When I'm setting up HashiCorp Vault for different internal customers, I have to explain what the hell Vault is. That usually goes pretty well. "Lastpass, but for use by Infrastructure and Server software instead of humans?" "Makes sense."

But then, I have to explain how Vault works.

"So now, instead of having a plaintext credential in source code or configuration files, you can make your software authenticate to Vault to get the credential... tokens... and now I'll pause for a bit to see what you think about all this."

I pause for questions, and give people time to think. And there's always that guy, the one with the questions.

Let's call this Architect "Mistrustful Max".

"Aren't we just moving the problem?
I mean, I know that don't have to put DB credentials in a plaintext .properties file, and can generate them dynamically from Vault instead.
But I now have to store a Vault Token in plaintext, and anyone who gets the Vault Token can just generate the DB credentials from the Vault!
What's the point of Vault if it's just the same vulnerability with extra steps?"

It's gotten to the point that I can walk into a meeting and tell who it's going to be, even before he asks. Call it instinct.

Here's a very high level diagram of Vault's Token authentication

Vault Authentication Workflow, LDAP + Token

Anyway, after a bit of white boarding and a high level demo of Vault's Token authentication, other specialists and architects are often justifiably skeptical how Vault Tokens fix the problem of having a hard-coded string somewhere (file, ENV var, whatever) that contains the credentials themselves.
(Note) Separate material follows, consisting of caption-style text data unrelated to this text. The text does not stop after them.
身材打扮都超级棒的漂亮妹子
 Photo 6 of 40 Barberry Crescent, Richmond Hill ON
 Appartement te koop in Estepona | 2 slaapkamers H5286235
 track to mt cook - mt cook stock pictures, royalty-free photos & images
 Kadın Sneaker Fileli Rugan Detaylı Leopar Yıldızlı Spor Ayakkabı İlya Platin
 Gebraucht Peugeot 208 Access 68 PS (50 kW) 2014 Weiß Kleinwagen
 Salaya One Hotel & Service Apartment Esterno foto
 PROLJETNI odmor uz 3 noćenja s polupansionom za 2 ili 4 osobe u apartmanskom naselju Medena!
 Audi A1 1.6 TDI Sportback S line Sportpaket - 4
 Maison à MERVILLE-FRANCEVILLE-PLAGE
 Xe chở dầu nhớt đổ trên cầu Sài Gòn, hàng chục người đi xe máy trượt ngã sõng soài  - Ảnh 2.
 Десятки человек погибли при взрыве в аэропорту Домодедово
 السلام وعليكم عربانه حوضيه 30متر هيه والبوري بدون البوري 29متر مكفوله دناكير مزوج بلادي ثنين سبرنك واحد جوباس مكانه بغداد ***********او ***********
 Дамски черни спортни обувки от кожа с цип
He'll point out that it looks suspiciously like "moving" the security challenge, because it seems like he still has to keep a VAULT_TOKEN somewhere, just as he had to do with the credentials without Vault.

Mistrustful Max's right!

Vault does move the problem. But that's because there are advantages of "moving" the problem in this way, and (Token != Password):

  • InfoSec now has visibility, and one place to protect/ACL secrets, because the problem is being moved to a central location they know about. It's an improvement over the usual 1000 places, only half of which InfoSec might know about.

  • Tokens are always temporary, and are only obtained by an application which has non-token credentials. These credentials can be configured to your taste, and have varying degrees of non-repudiation protection, e.g. from IP address locking up to a combination of signed instance metadata and client certificates.

  • Because the tokens are not present in the source code, and only obtained when the workload starts, they never have to be stored on disk or in source code, removing the "hard-coded" problem.

  • Only one place where you have to update the password, instead of everywhere that it's present in code and configuration. This is as opposed to some one changing a password out of band, causes some other app (using that password) to fail.

  • Tokens give a massive increase in auditing, since they are unique to each authorized workload.

  • Revoke a Vault Token for a specific instance (webserver) without affecting other running instances or changing underlying password

  • The tokens can be locked to a specific IP address, subjected to a much shorter automatic expiration period than the original pass phrase, stored only in locked memory with something like anjuna or mlock(), delivery-wrapped, and with only a specific number of uses allowed.

  • Tokens are the starting point for closer integrations like Consul-template

The metaphor I like to use for Vault Tokens is a session token for web applications.

While the token itself may not be all that special, security-wise, a user can only get the Vault Token by doing whichever song and dance you've set up for login.

And that token is time-limited, auditable, tied to a specific range of IP addresses, and specific to each client.

Anyway, now when I get asked this question, I have a page I can point to.